▶ [TRY IT]: Leaving pictures aside, restate exactly the lines of the data below, from the first one through the line that contains "RAINBALL Felfújható PVC strandlabda Szines".

-- INFORMATION SUPPLIED follows --

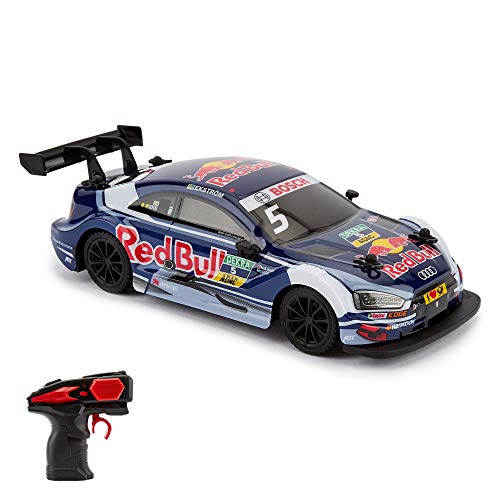 CMJ RC Cars Auto AUDI RS5 DTM con licenza ufficiale Telecomando Scala 1:24 2.4...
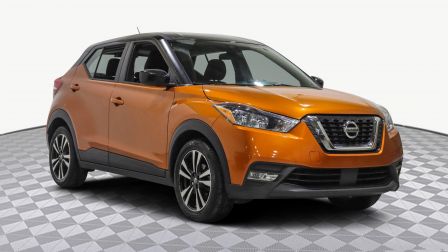 2020 Nissan Kicks SV AUTO A/C GR ELECT MAGS CAMERA BLUETOOTH                in Longueuil                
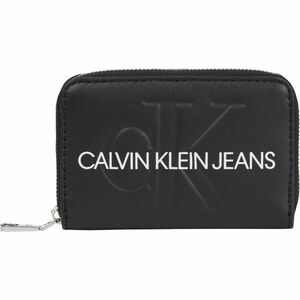 Calvin Klein ACCORDION ZIP AROUND Női pénztárca, fekete, méret kép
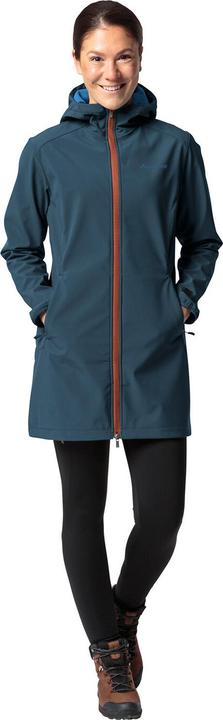 Actual product image Vaude Moena Softshell Parka (38)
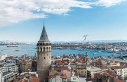 İstanbul 3 ayda yaklaşık 3,8 milyon yabancı ziyaretçi...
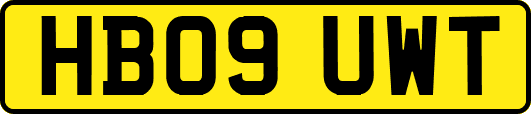 HB09UWT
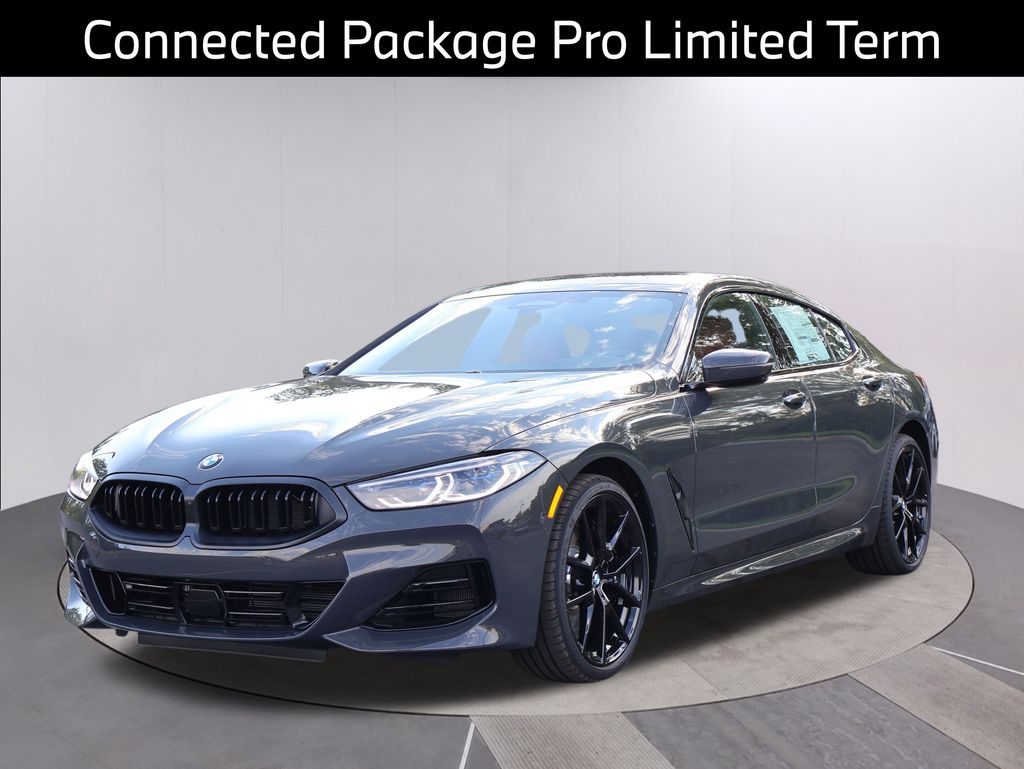 2026 Bmw 840i xDrive Gran Coupe photo 4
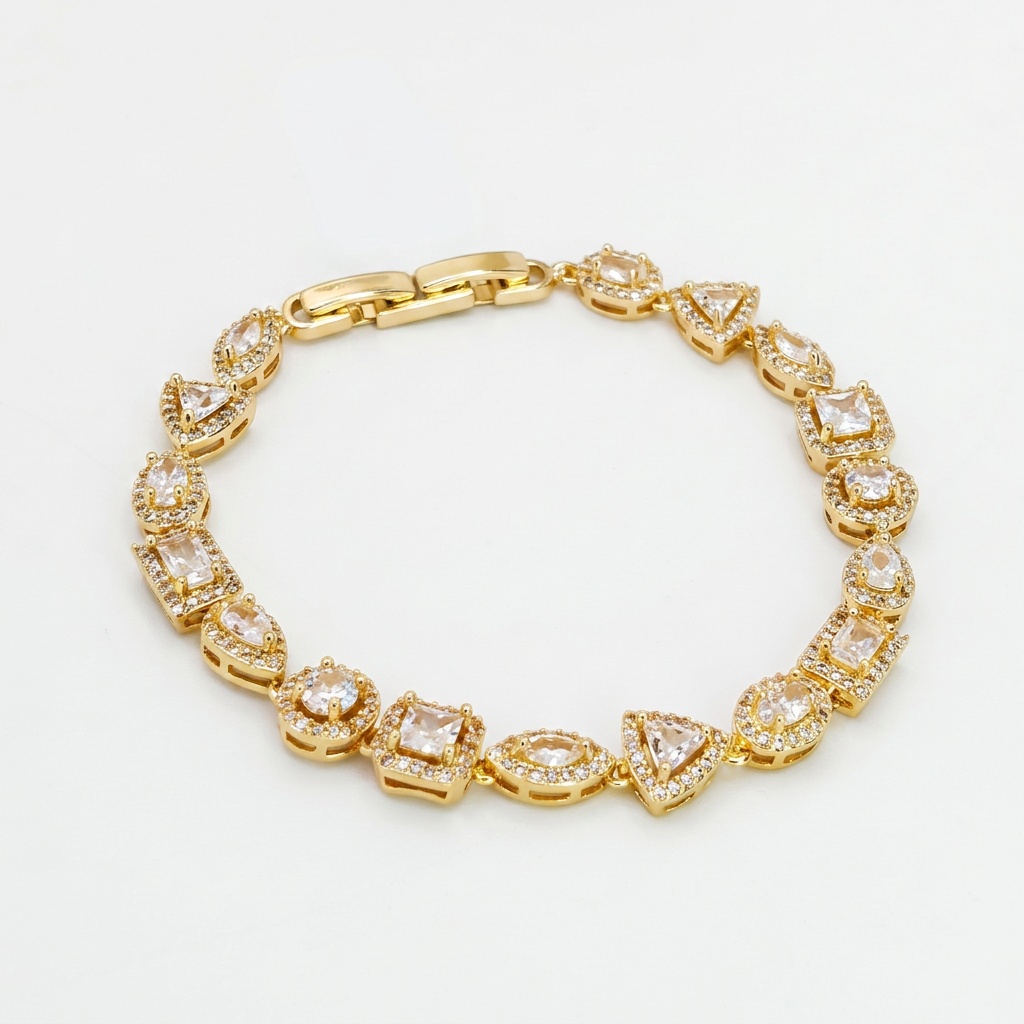 Pulseira Zircônia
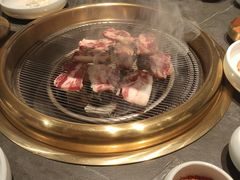 -韩白山·朝鲜族烤牛肉·酱蟹(长宁龙之梦店)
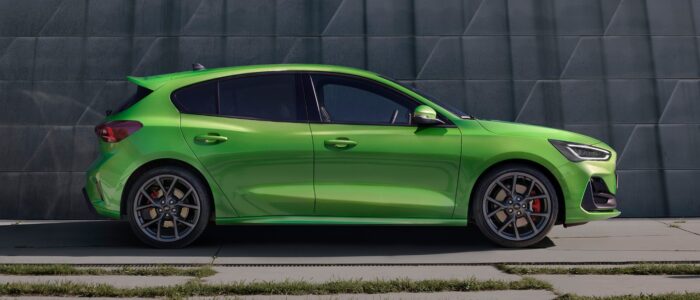 Ford Focus ST Review sd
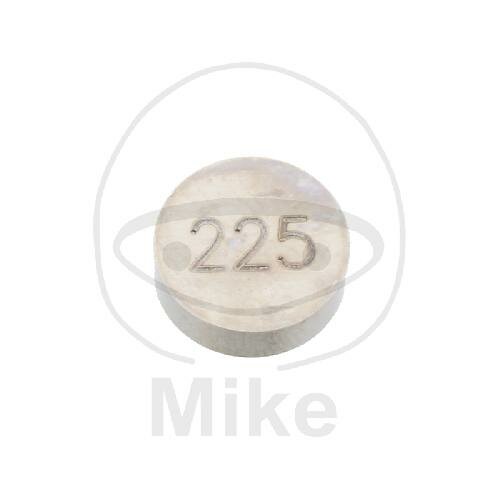 Laminilla de ajuste de la válvula 7.5 MM 2.25 para Honda CB 500 FA CB 500 XA
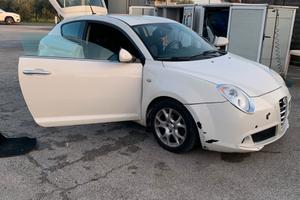Alfa romeo mito 2009
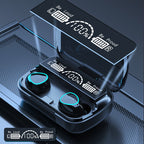 Bluetooth headphones without cable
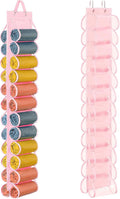 Lirex Hanging Yoga Legging Storage Organizer by Lirex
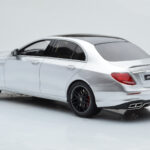 Mercedes AMG E63 S W213 Silver GT Spirit 1:18 GT230 Resin - image 5 of 6
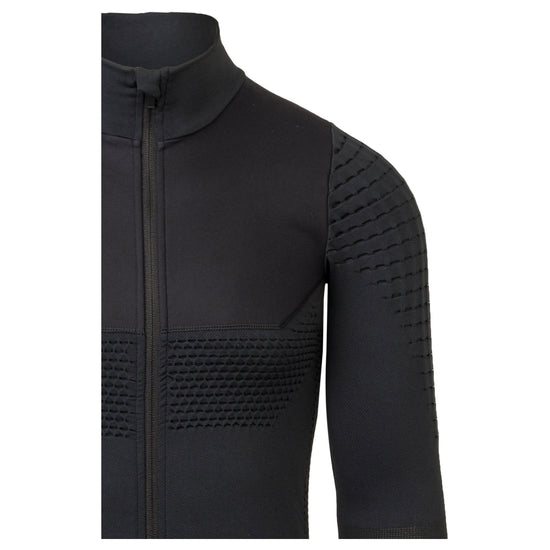 maillot vélo manche longue Seamless - AGU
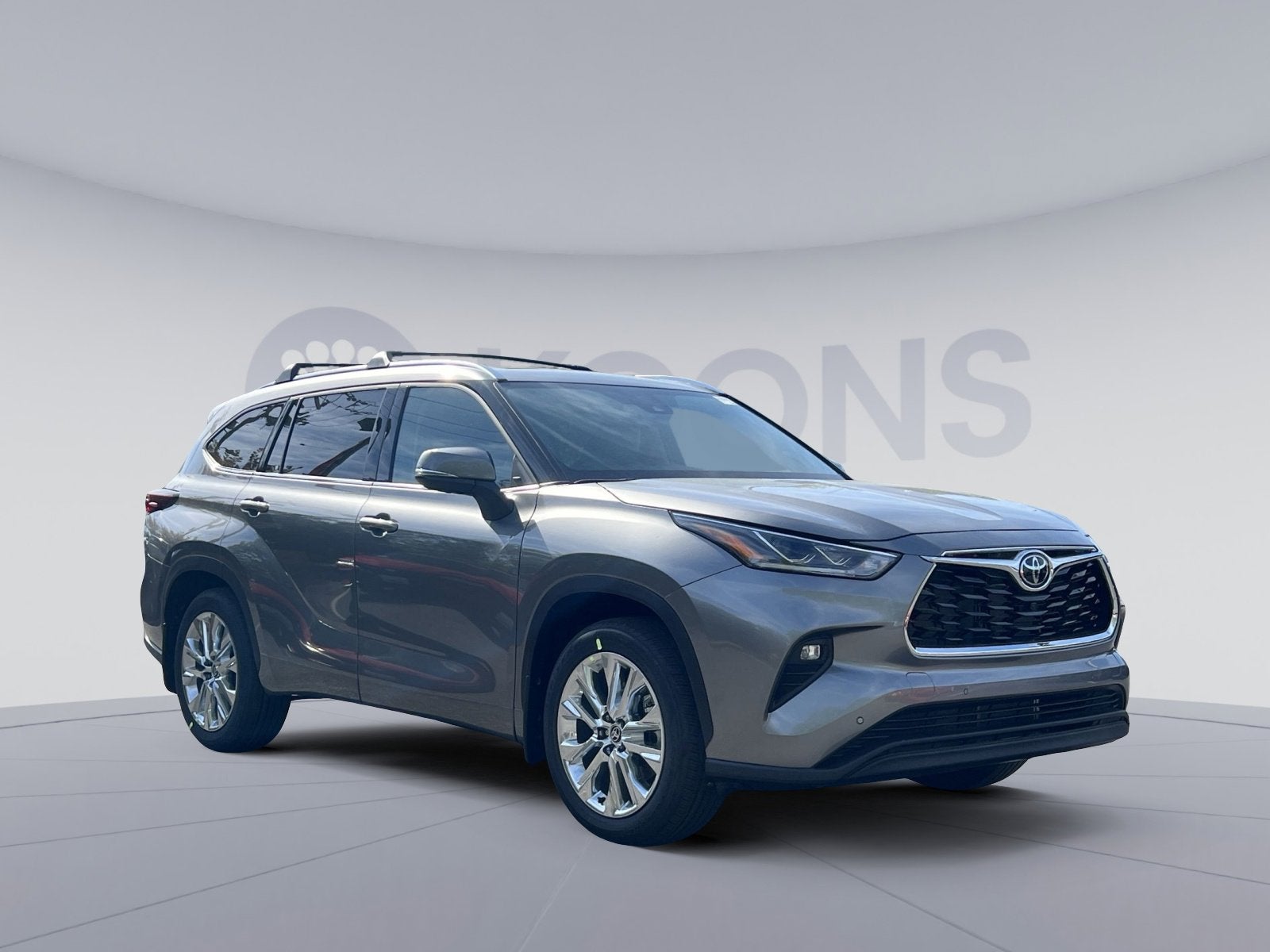 2026 Toyota Highlander Limited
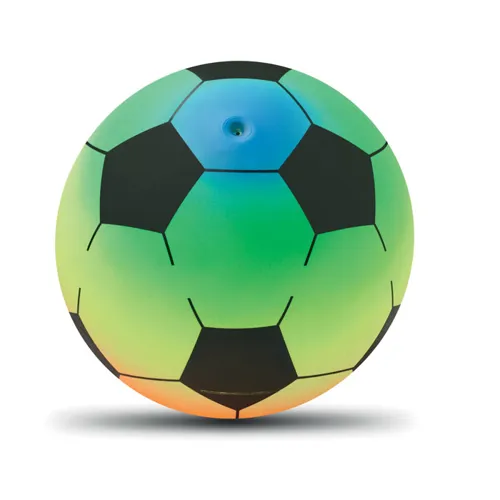 RAINBALL Felfújható PVC strandlabda Szines 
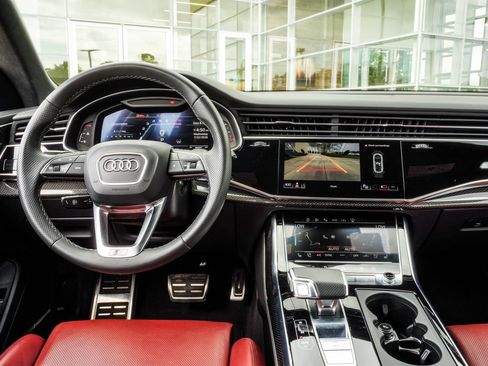 Used 2023 Audi SQ8 Prestige w/ Prestige Package AWD/4WD image 17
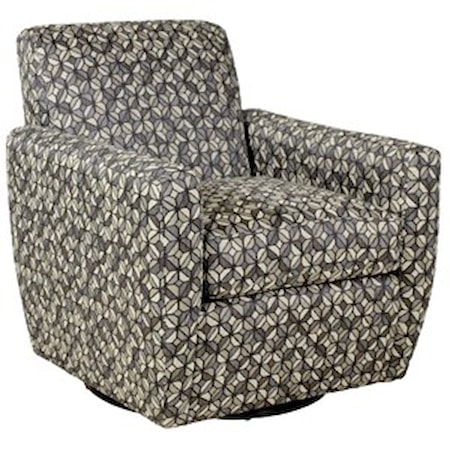Contemporary Swivel Chair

-- INFORMATION SUPPLIED concluded --

▶ [WRITTEN ANSWER]:
 CMJ RC Cars Auto AUDI RS5 DTM con licenza ufficiale Telecomando Scala 1:24 2.4...
 2020 Nissan Kicks SV AUTO A/C GR ELECT MAGS CAMERA BLUETOOTH                in Longueuil                
 Calvin Klein ACCORDION ZIP AROUND Női pénztárca, fekete, méret kép
 Actual product image Vaude Moena Softshell Parka (38)
 İstanbul 3 ayda yaklaşık 3,8 milyon yabancı ziyaretçi...
 HB09UWT
 2026 Bmw 840i xDrive Gran Coupe photo 4
 Pulseira Zircônia
 -韩白山·朝鲜族烤牛肉·酱蟹(长宁龙之梦店)
 Ford Focus ST Review sd
 Laminilla de ajuste de la válvula 7.5 MM 2.25 para Honda CB 500 FA CB 500 XA
Alfa romeo mito 2009
 Bluetooth headphones without cable
 Lirex Hanging Yoga Legging Storage Organizer by Lirex
 Mercedes AMG E63 S W213 Silver GT Spirit 1:18 GT230 Resin - image 5 of 6
 maillot vélo manche longue Seamless - AGU
 2026 Toyota Highlander Limited
 RAINBALL Felfújható PVC strandlabda Szines 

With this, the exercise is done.